I don’t think it’s clear or even likely that we necessarily have to resolve issues like metaethics, anthropics, the right formalization of logical uncertainty, decision theory, etc. prior to building human-level AI. No doubt having a better grasp of these issues is helpful for understanding our goals, and so it seems worth doing, but we can already see plausible ways to get around them.
In general, one reason that doing X probably doesn’t require impossible step Y is that there are typically many ways to accomplish X, and without a strong reason it is unlikely that they will all require solving Y. This view seems to be supported by a reasonable empirical record. A lot of things have turned out to be possible.

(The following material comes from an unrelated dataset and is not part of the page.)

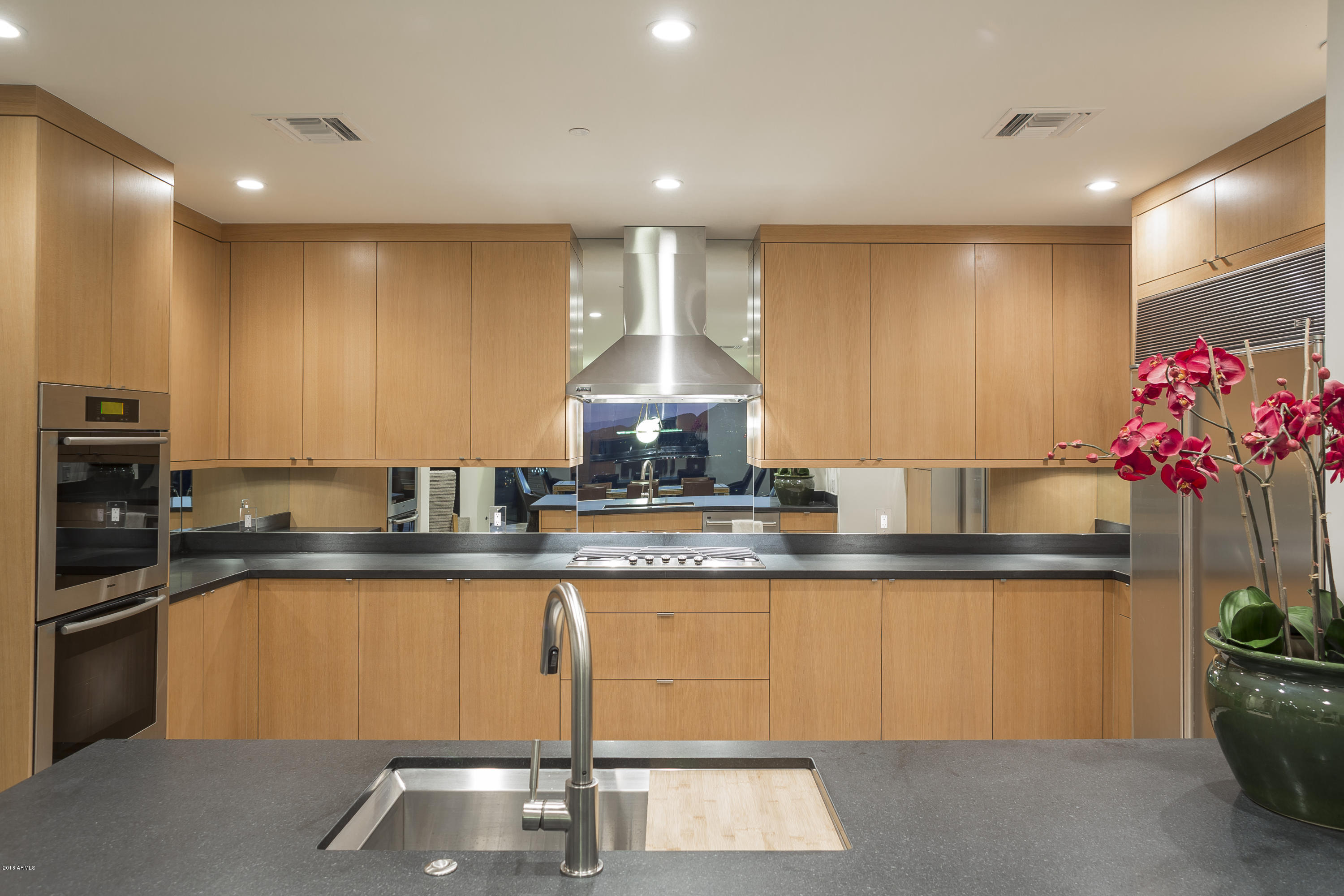 TENNIS RANCH ON CAMELBACK MCR 012435 - Residential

(Note: in case it’s not obvious, I disagree with Eliezer on many of these points.)
I suspect I also object to your degree of pessimism regarding philosophical claims, but I’m not sure and that is probably secondary at any rate.
It’s hard for me to argue with multiple people simultaneously. When I argue with someone I tend to adopt most of their assumptions in order to focus on what I think is the core disagreement, so to argue with someone else I have to “swap in” a different set of assumptions and related arguments. The OP was aimed mostly at Eliezer, so it assumed that intelligence explosion is relatively easy. (Would you agree that if intelligence explosion was easy, then it would be hard to achieve a good outcome in the way that you imagine, by incrementally solving “the AI control problem”?)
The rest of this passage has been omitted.